WHAT IS EXPECTED> Below is a set of records; reproduce them exactly without their pictures.

BEGIN STUDY MATERIAL

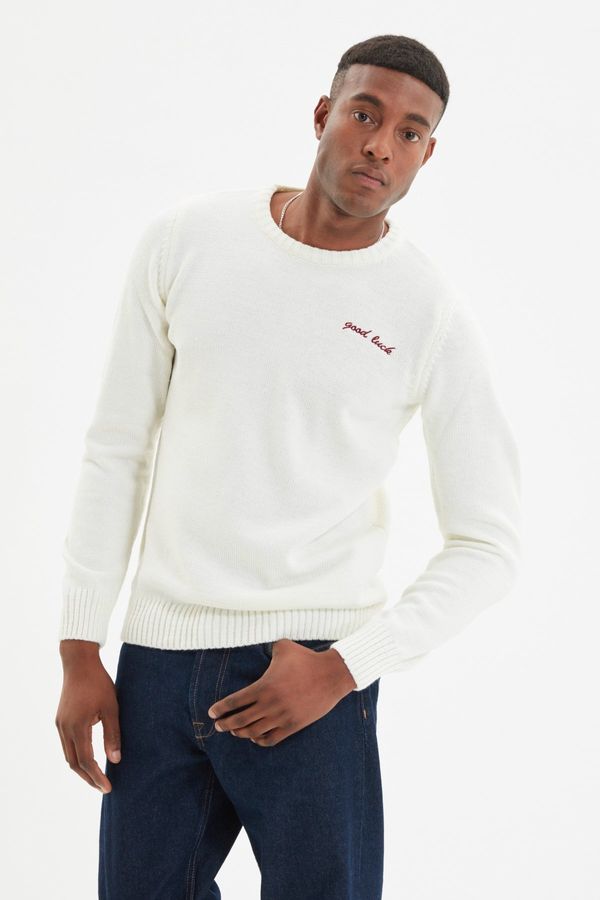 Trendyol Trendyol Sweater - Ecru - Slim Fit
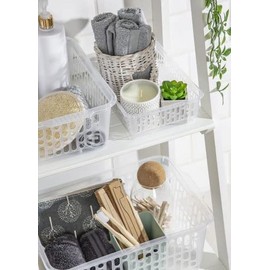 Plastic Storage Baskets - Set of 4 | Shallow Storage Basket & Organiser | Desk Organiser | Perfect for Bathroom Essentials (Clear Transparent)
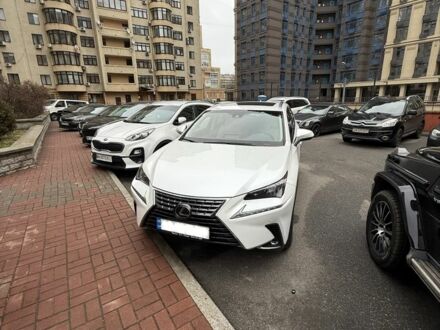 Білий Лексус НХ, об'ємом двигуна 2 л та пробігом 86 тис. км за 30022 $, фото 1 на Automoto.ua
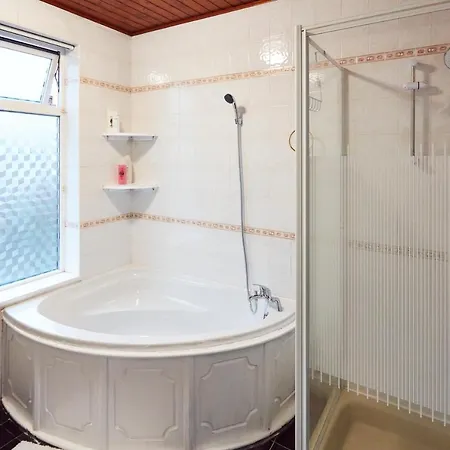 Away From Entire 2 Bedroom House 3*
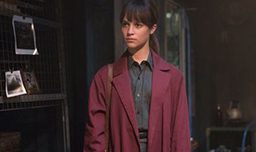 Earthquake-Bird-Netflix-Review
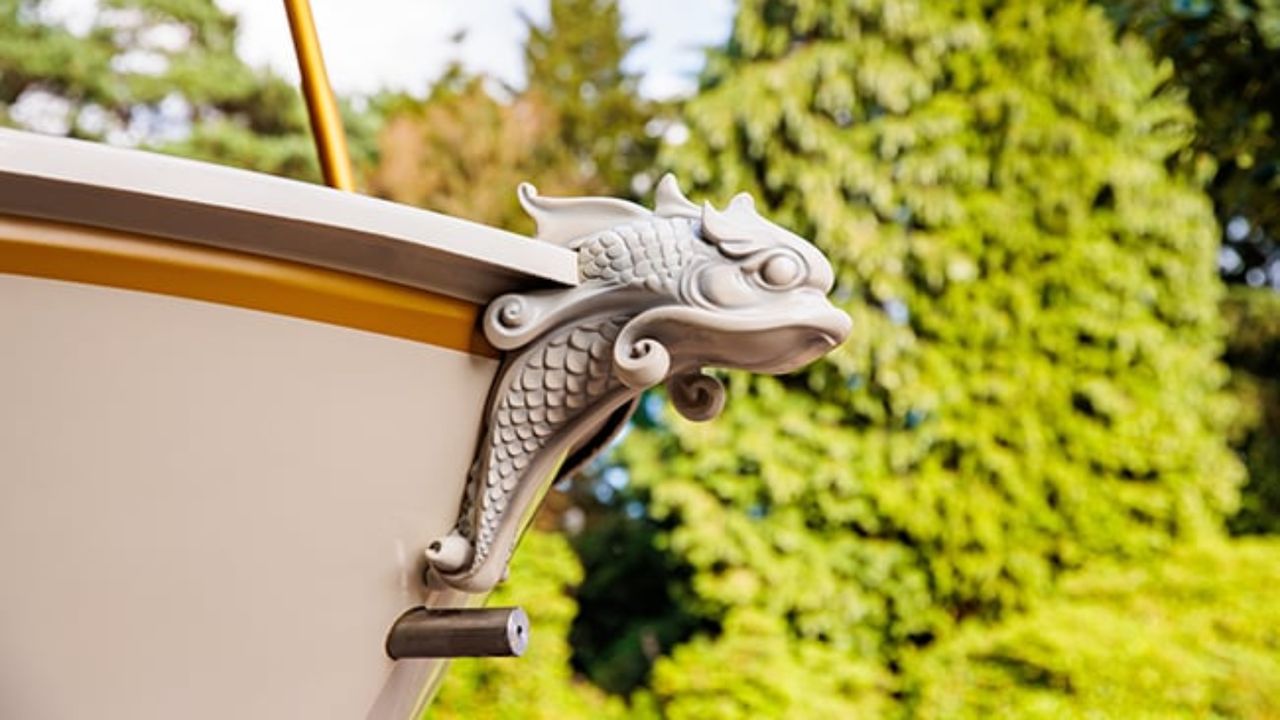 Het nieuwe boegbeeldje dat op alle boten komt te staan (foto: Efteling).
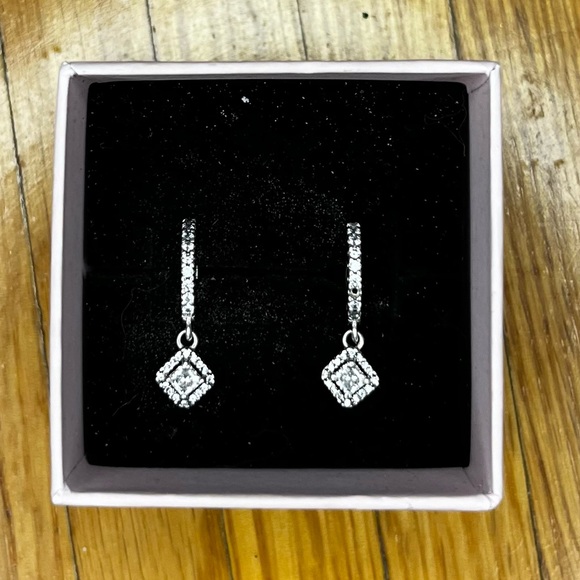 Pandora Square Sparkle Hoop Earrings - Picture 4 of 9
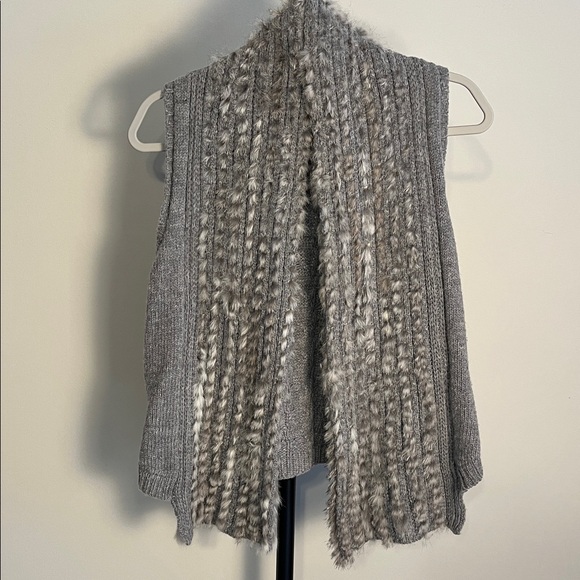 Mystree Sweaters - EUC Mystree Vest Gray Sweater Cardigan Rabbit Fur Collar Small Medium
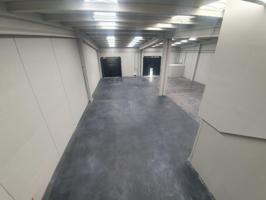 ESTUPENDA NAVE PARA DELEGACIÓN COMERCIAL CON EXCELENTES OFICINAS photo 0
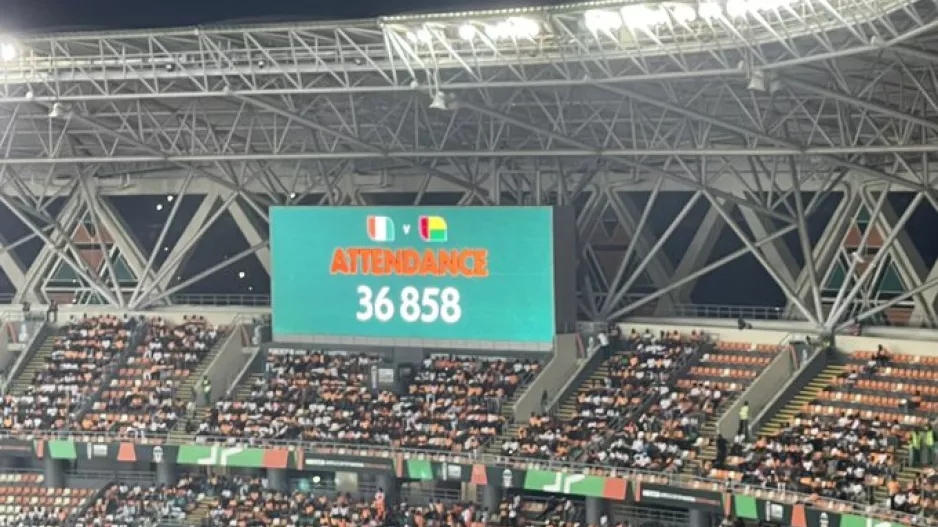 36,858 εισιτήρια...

END STUDY MATERIAL

WRITTEN REPLY>
 Trendyol Trendyol Sweater - Ecru - Slim Fit
 Plastic Storage Baskets - Set of 4 | Shallow Storage Basket & Organiser | Desk Organiser | Perfect for Bathroom Essentials (Clear Transparent)
 Білий Лексус НХ, об'ємом двигуна 2 л та пробігом 86 тис. км за 30022 $, фото 1 на Automoto.ua
 Away From Entire 2 Bedroom House 3*
 Earthquake-Bird-Netflix-Review
 Het nieuwe boegbeeldje dat op alle boten komt te staan (foto: Efteling).
 Pandora Square Sparkle Hoop Earrings - Picture 4 of 9
 Mystree Sweaters - EUC Mystree Vest Gray Sweater Cardigan Rabbit Fur Collar Small Medium
 ESTUPENDA NAVE PARA DELEGACIÓN COMERCIAL CON EXCELENTES OFICINAS photo 0
 36,858 εισιτήρια...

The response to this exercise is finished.